[Short web captions]
◇ ◇ ◇ ◇
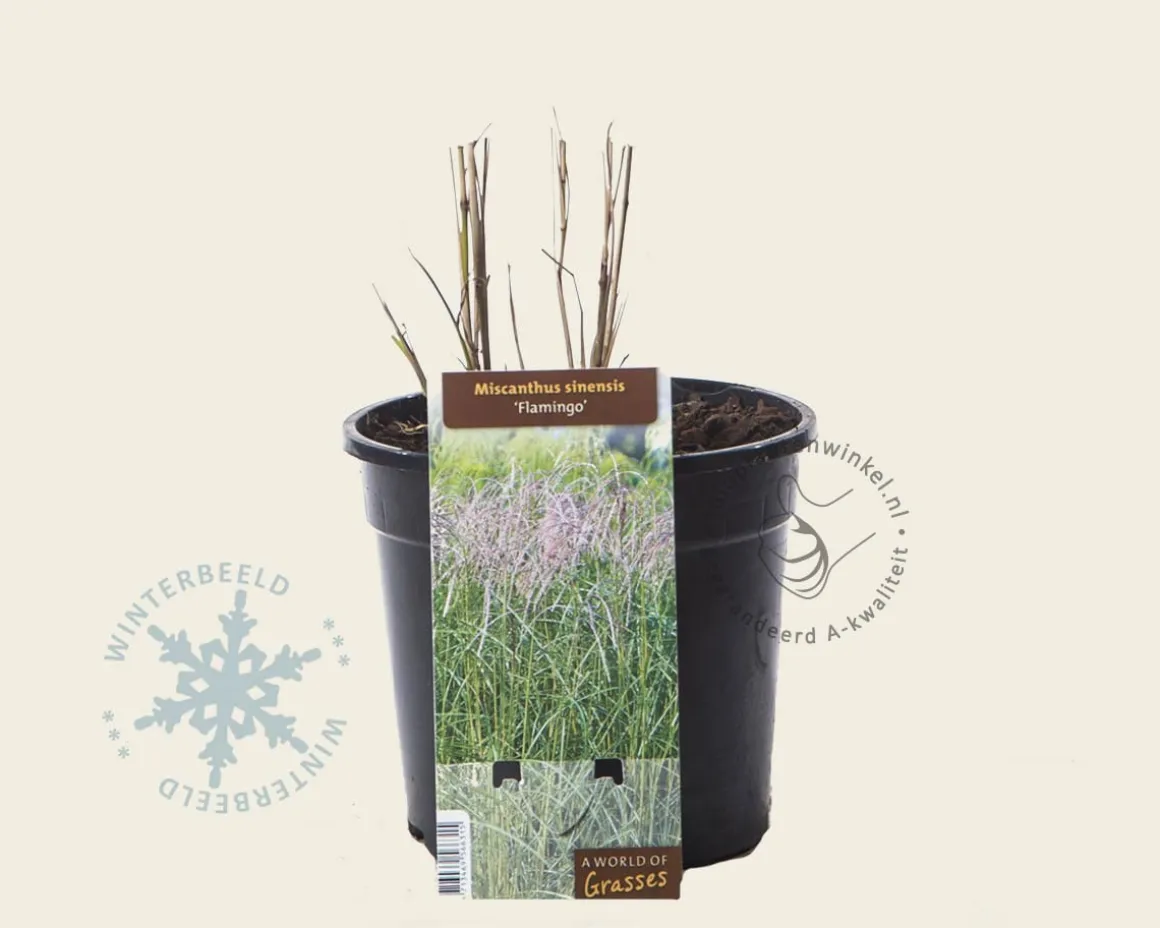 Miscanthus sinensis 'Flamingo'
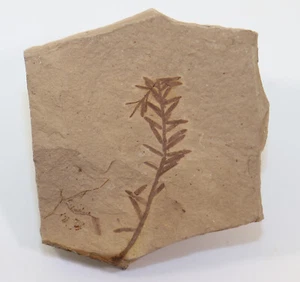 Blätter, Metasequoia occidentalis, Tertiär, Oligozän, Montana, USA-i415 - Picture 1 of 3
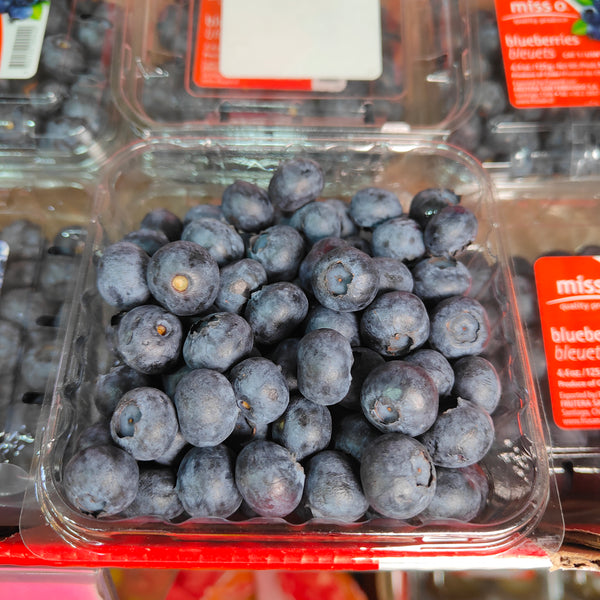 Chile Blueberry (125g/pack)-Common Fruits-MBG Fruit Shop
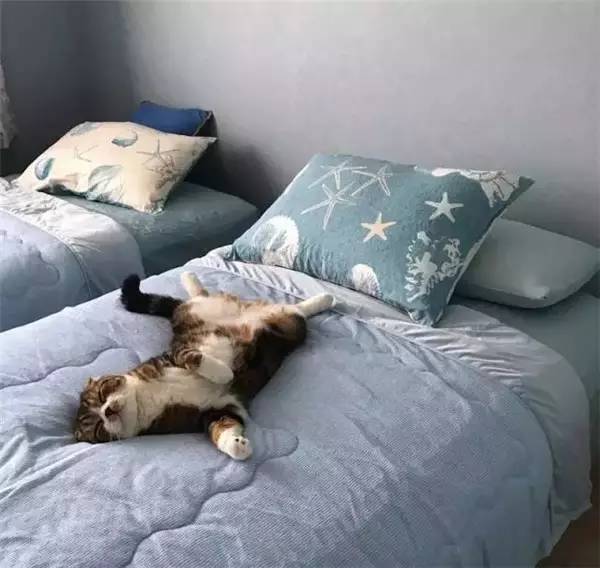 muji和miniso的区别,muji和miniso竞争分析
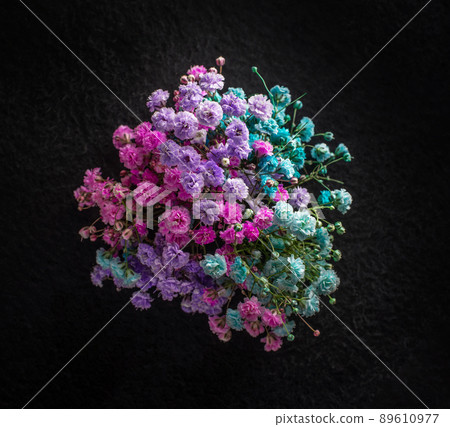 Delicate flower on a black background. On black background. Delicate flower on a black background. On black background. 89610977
◇ ◇ ◇ ◇
Set down exactly the lines of the entries above from the one holding "muji和miniso的区别,muji和miniso竞争分析" through the last one, including both, with the pictures left out.

## TASK OUTPUT:
 muji和miniso的区别,muji和miniso竞争分析
 Delicate flower on a black background. On black background. Delicate flower on a black background. On black background. 89610977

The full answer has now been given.